• [INPUT DATA]
-----

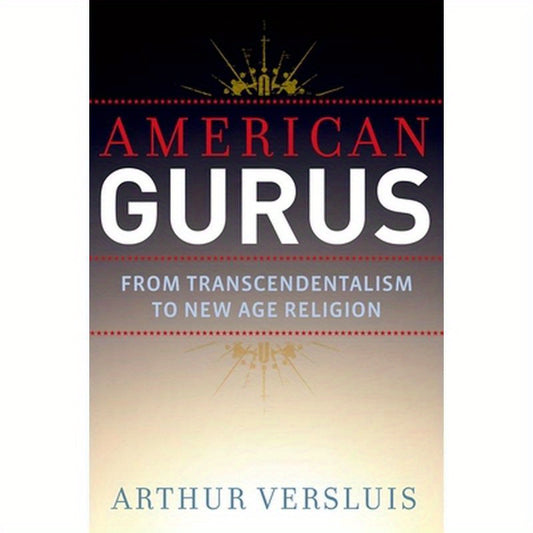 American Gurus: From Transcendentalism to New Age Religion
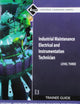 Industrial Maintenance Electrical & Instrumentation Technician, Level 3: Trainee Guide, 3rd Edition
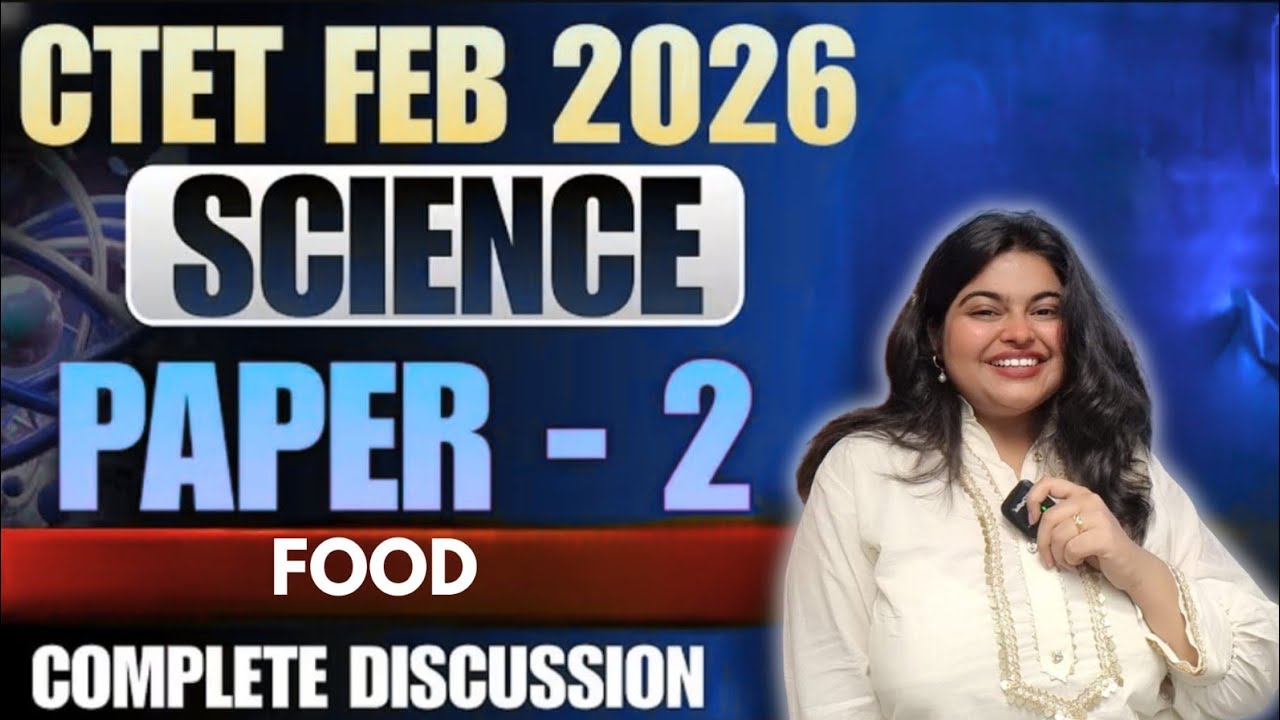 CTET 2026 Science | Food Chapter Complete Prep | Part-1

-----

• [WHAT THE TASK ASKS]
Copy out the material above in full and exactly; its pictures are not to appear.

• [REPLY TO THE TASK]
 American Gurus: From Transcendentalism to New Age Religion
 Industrial Maintenance Electrical & Instrumentation Technician, Level 3: Trainee Guide, 3rd Edition
 CTET 2026 Science | Food Chapter Complete Prep | Part-1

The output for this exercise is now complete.